NORFOLK, Va. — COVID-19 is the third leading cause of death in the United States, the Centers for Disease Control and Prevention (CDC) reports.
And we found the cities with the highest COVID-19 death rates were places already inflicted with lower-than-average life expectancies.
Virginia Beach and Chesapeake, for example, have the longest life expectancies in Hampton Roads at 81 and 79 years, respectively. Those two cities also have the lowest COVID-19 death rate in the region, according to data from the Virginia Department of Health.
On the other hand, Portsmouth has the shortest life expectancy at 74 years and the highest COVID-19 death rate in the Seven Cities.
Dr.
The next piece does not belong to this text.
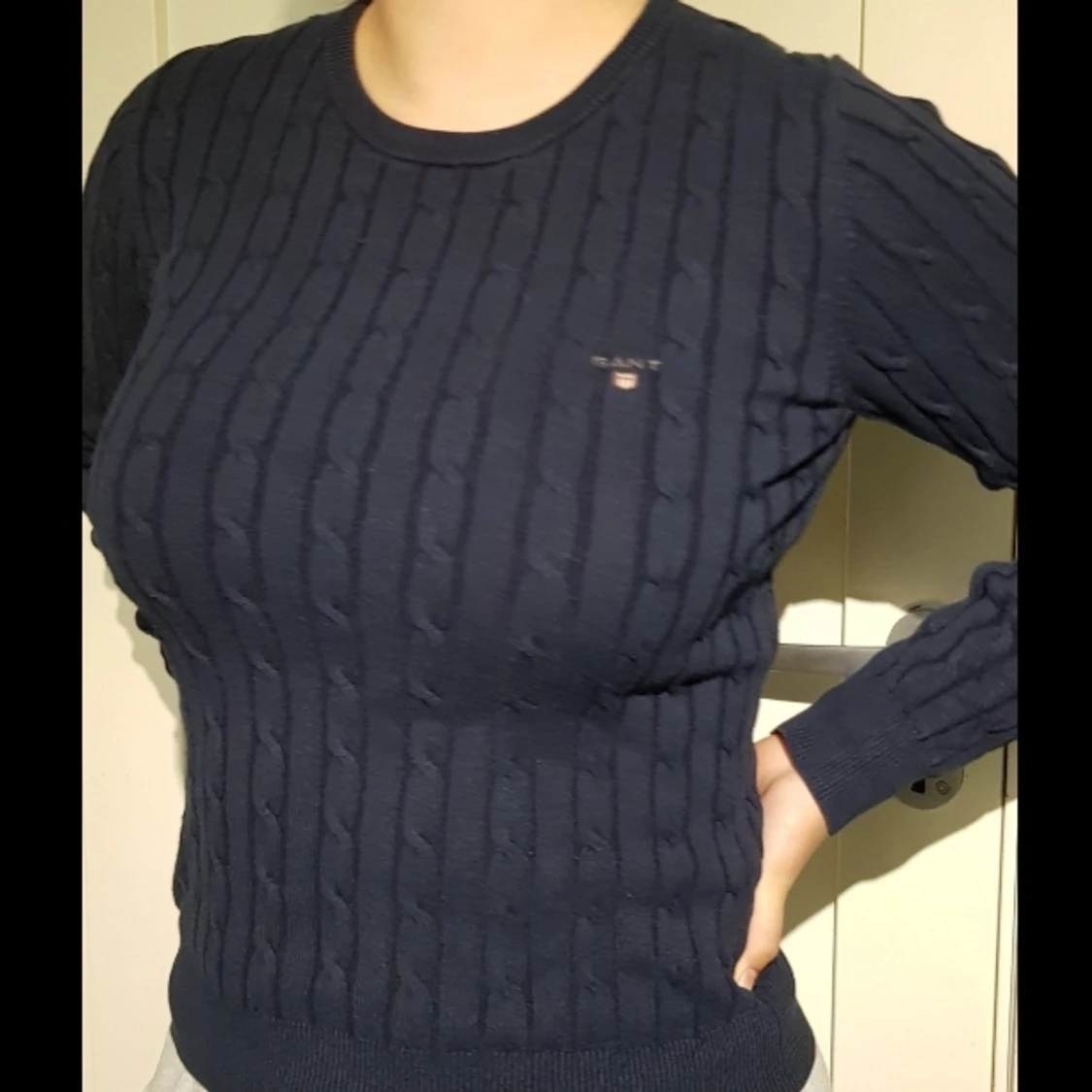 GANT kabelstickad marinblå tröja - 90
Derek Chapman from VCU's Center on Society and Health studies health inequities for a living and says that overlap is no coincidence.
He said people in poorer communities with already lower life expectancies may face heightened exposure to COVID-19 and have a greater chance to die from complications because of underlying health risks.
“There’s a whole complex web of factors that drives the longstanding life expectancy gaps between Black and White individuals, or educated and uneducated, or poor and wealthy. Those have been around for a while, but it’s just happening in real-time with this infectious disease that’s killing people so quickly," Dr. Derek Chapman said.
The pandemic helped highlight already existing health disparities, he added.